**Task objective**.
Reproduce all the data exactly, without pictures.

**Supplied material**.

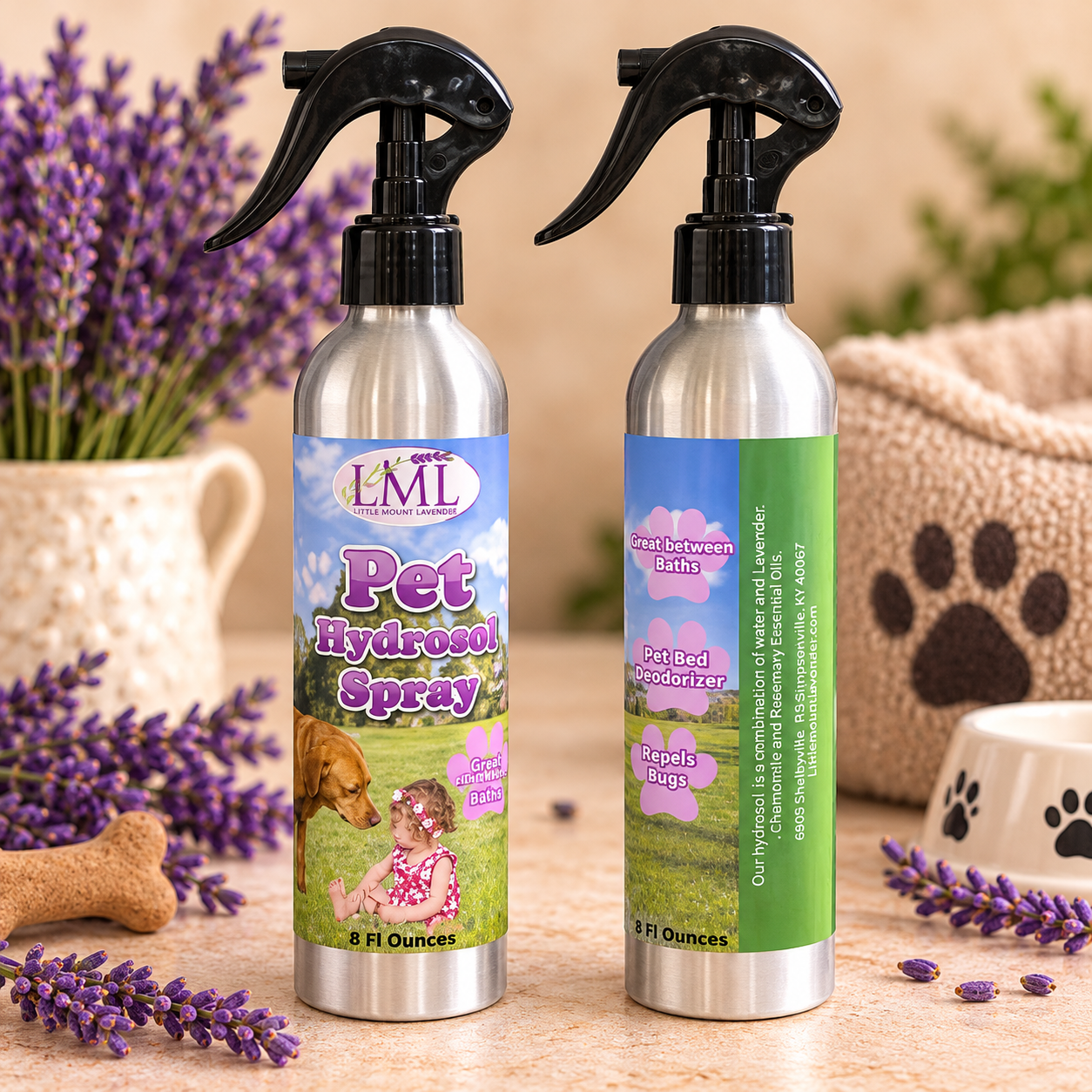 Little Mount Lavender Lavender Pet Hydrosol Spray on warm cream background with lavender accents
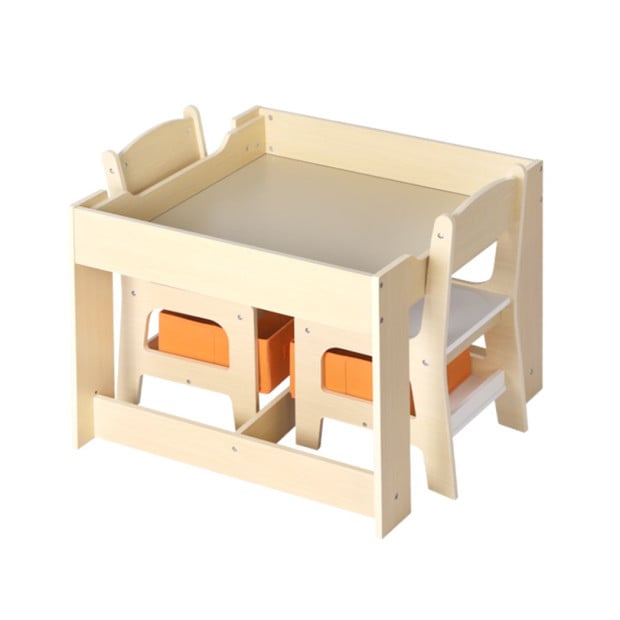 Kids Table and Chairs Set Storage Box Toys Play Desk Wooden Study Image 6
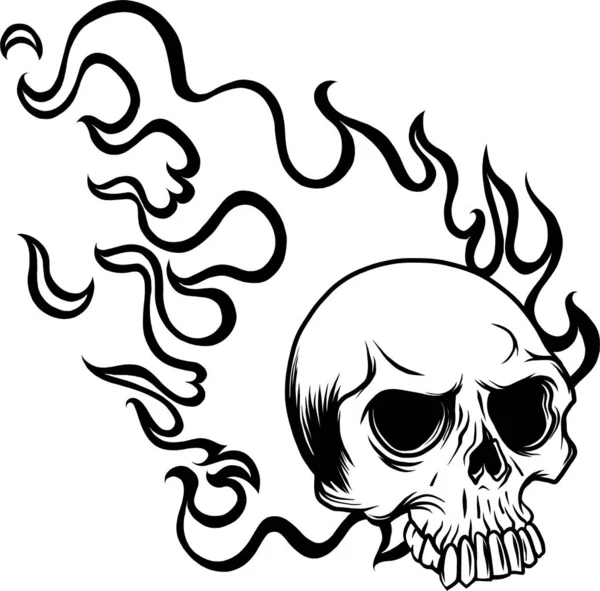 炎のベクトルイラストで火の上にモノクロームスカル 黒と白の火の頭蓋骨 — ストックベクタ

**Result of this task**.
 Little Mount Lavender Lavender Pet Hydrosol Spray on warm cream background with lavender accents
 Kids Table and Chairs Set Storage Box Toys Play Desk Wooden Study Image 6
 炎のベクトルイラストで火の上にモノクロームスカル 黒と白の火の頭蓋骨 — ストックベクタ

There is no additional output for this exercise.